Work order: Could you return, exactly as written, every line from the one containing "אבן הרי ירושלים - חריטת מגן דוד - ירושלים" through the last line of the entries below, leaving out the pictures?

Recorded information:
>>

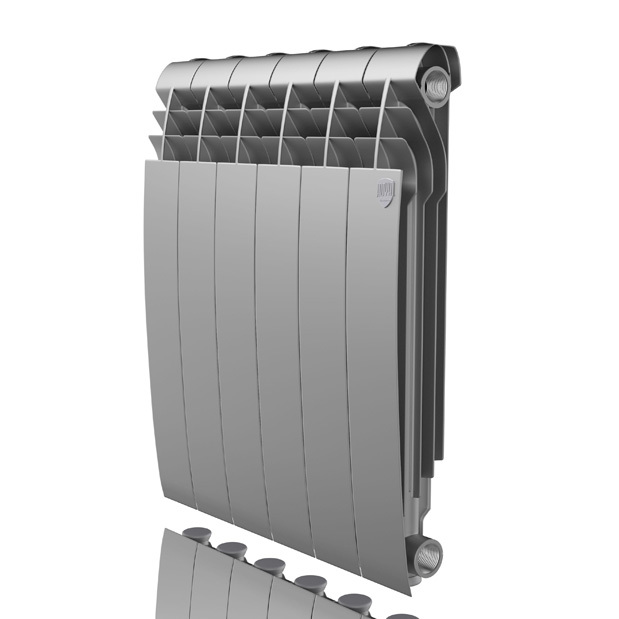 Алюминиевый радиатор Royal Thermo Biliner Alum 500 Silver Satin 6 секц, цвет серебро - фото 2
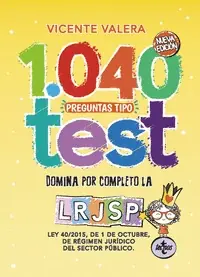 1040 Preguntas tipo test LRJSP Precio De Oferta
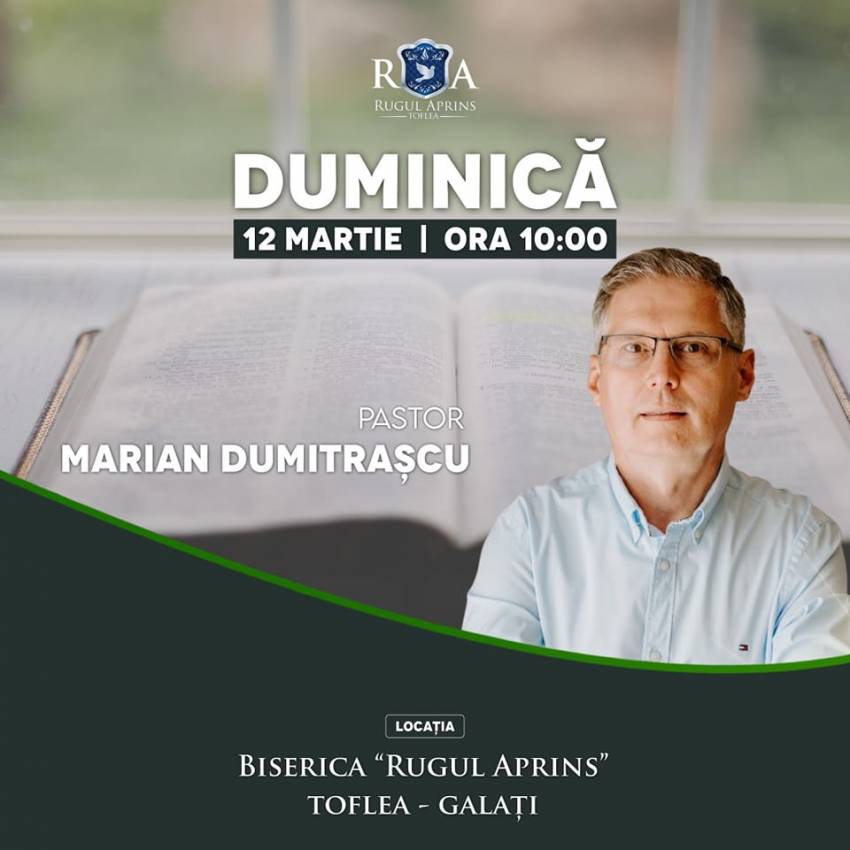 Marian Dumitrașcu la Biserica Rugul Aprins Toflea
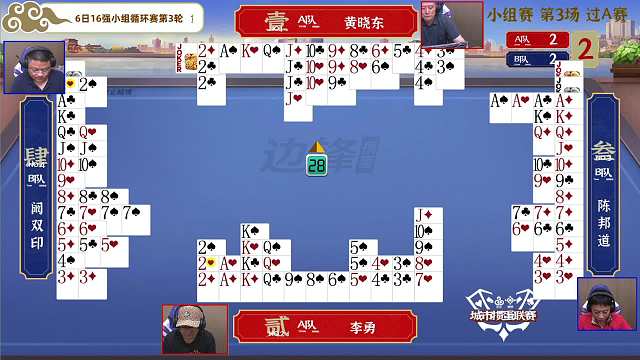 5月16日城市掼蛋联赛A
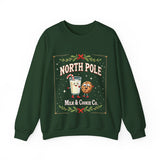North Pole Milk & Cookie Co. Christmas Sweatshirt - Festive Whimsical Sweater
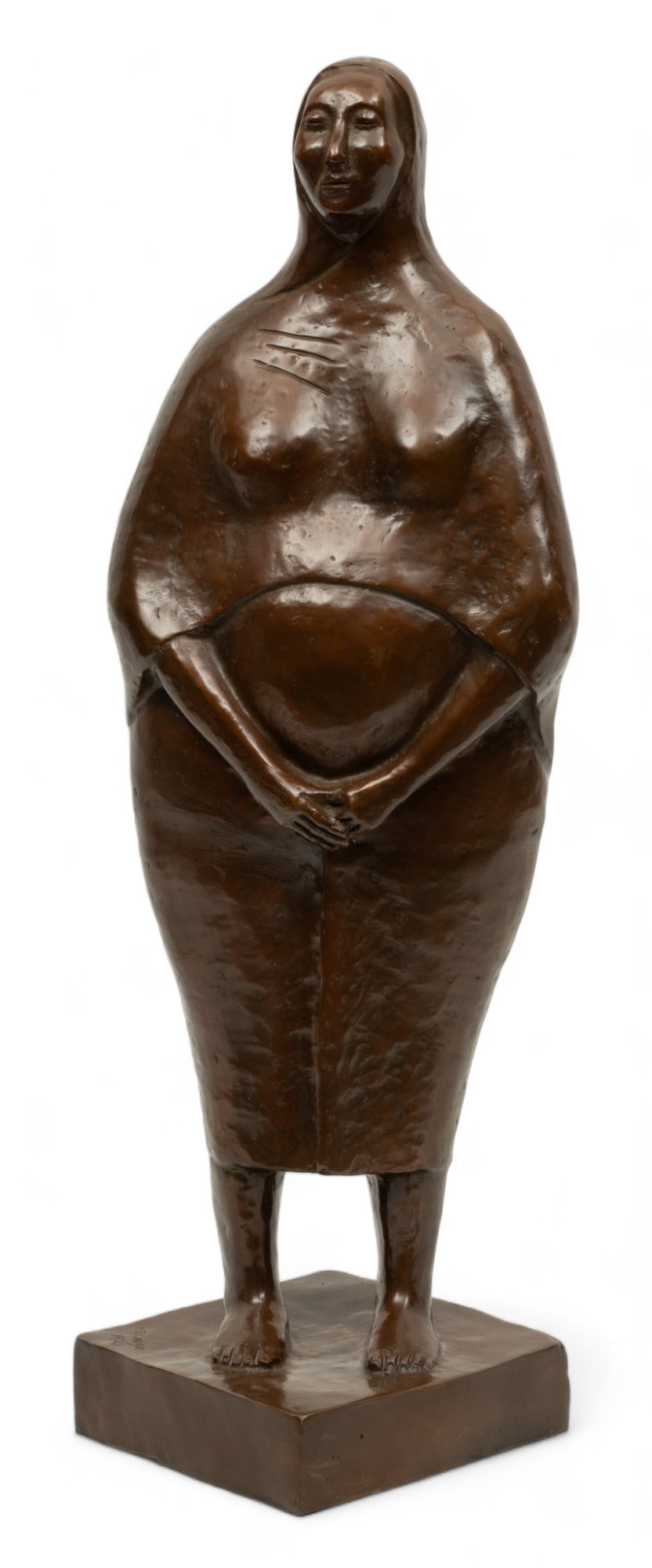 After Francisco Zuniga (Mexican, 1912-1998) Bronze 1974, "Standing Woman", H 23.5" (1 of 6)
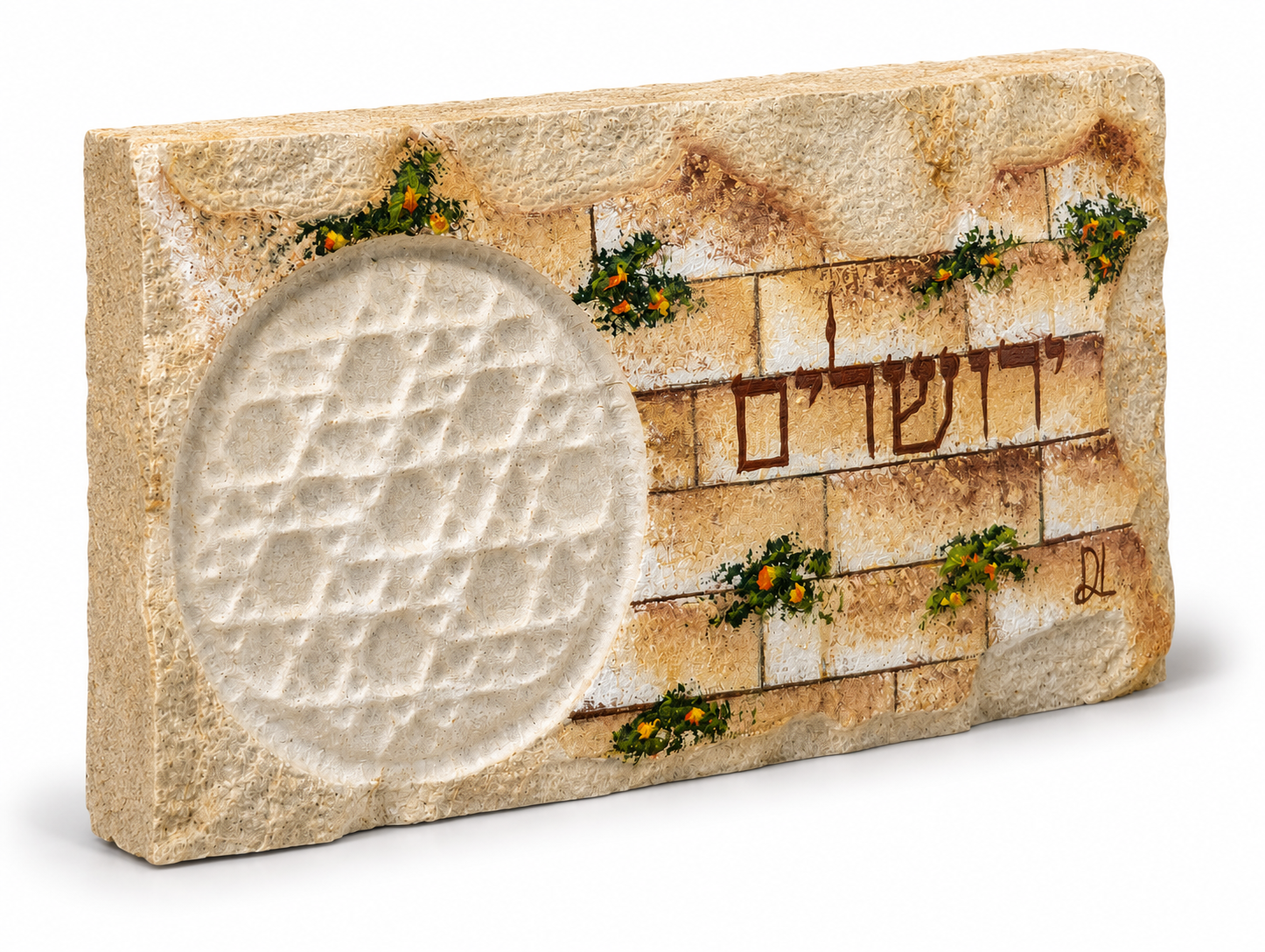 אבן הרי ירושלים - חריטת מגן דוד - ירושלים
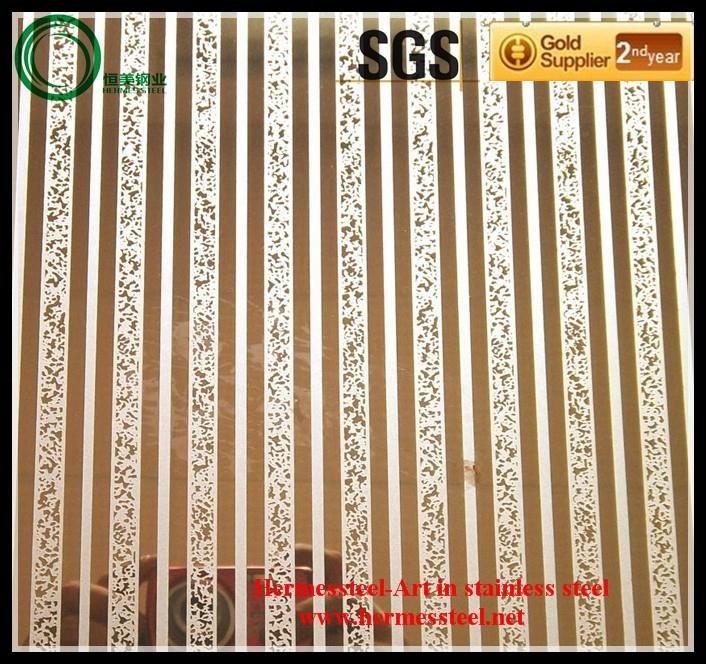 latest cheap etched stainless steel sheet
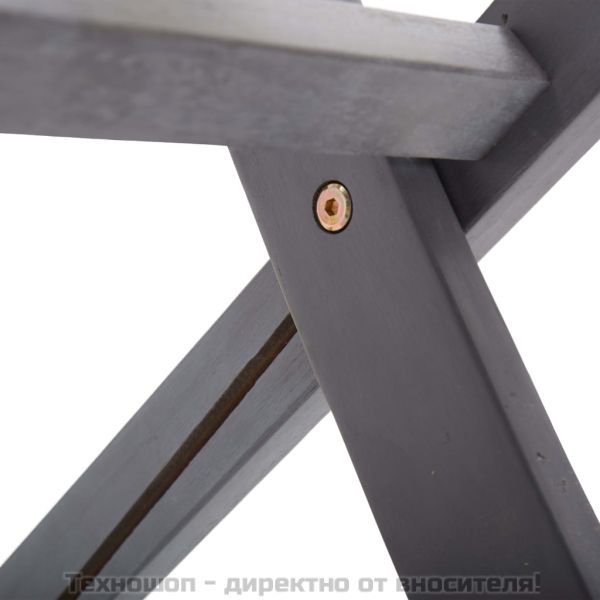 Сгъваеми градински столове, 4 бр, акация масив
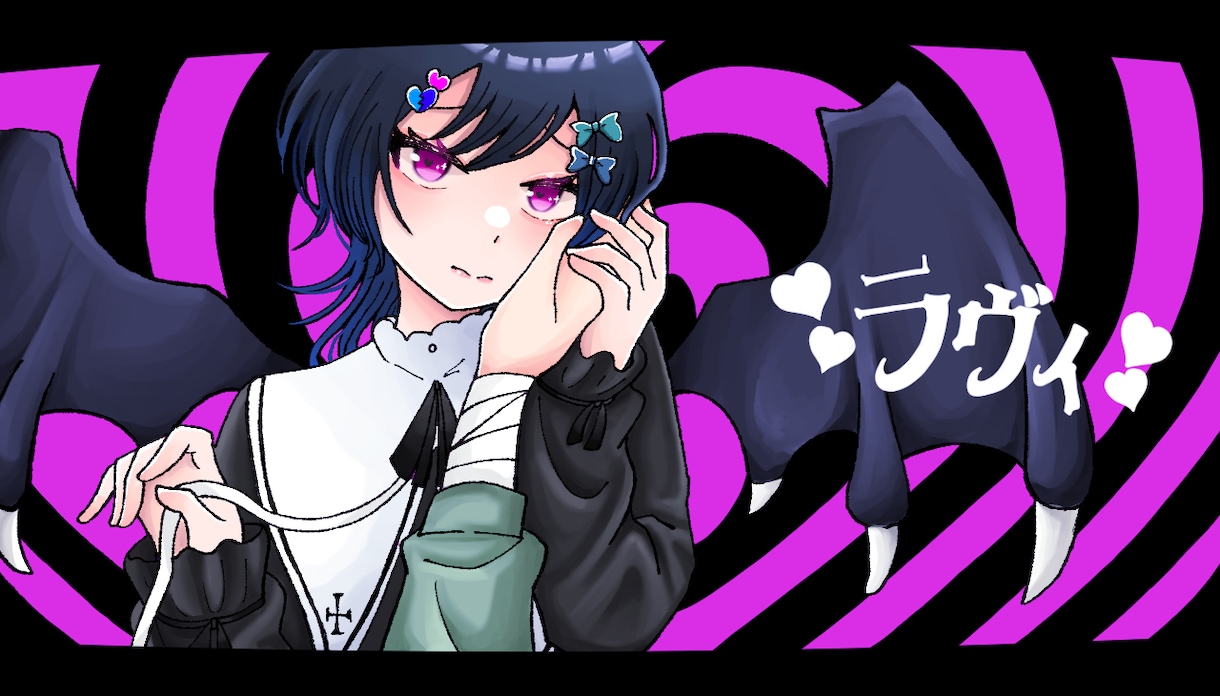 歌ってみた動画のサムネを描きます 他とは違う個性のあるサムネイルを。 イメージ3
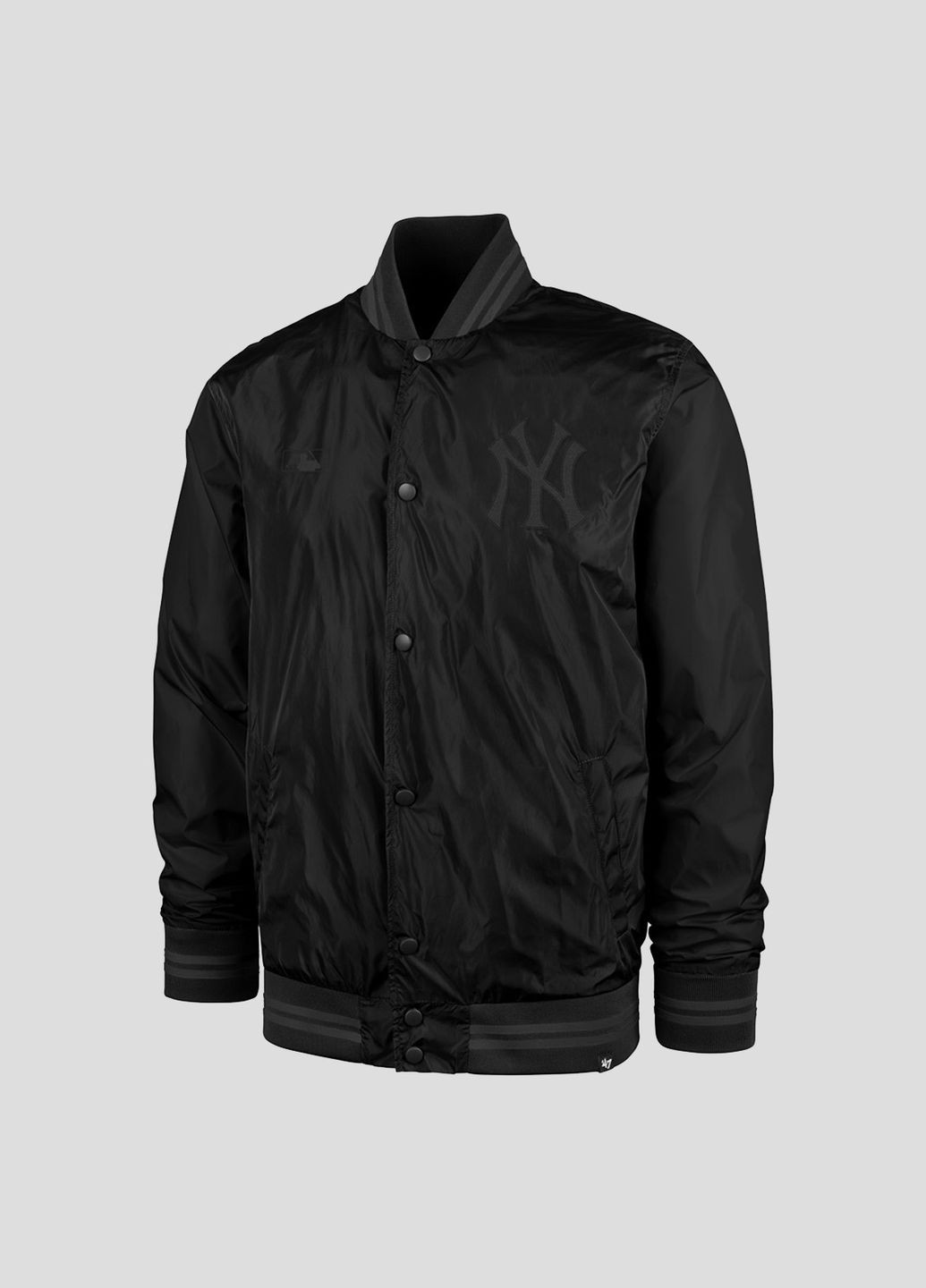 Черная демисезонная черная куртка-бомбер mlb new york yankees core poly 47 Brand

<<

Task result:
 אבן הרי ירושלים - חריטת מגן דוד - ירושלים
 latest cheap etched stainless steel sheet
 Сгъваеми градински столове, 4 бр, акация масив
 歌ってみた動画のサムネを描きます 他とは違う個性のあるサムネイルを。 イメージ3
 Черная демисезонная черная куртка-бомбер mlb new york yankees core poly 47 Brand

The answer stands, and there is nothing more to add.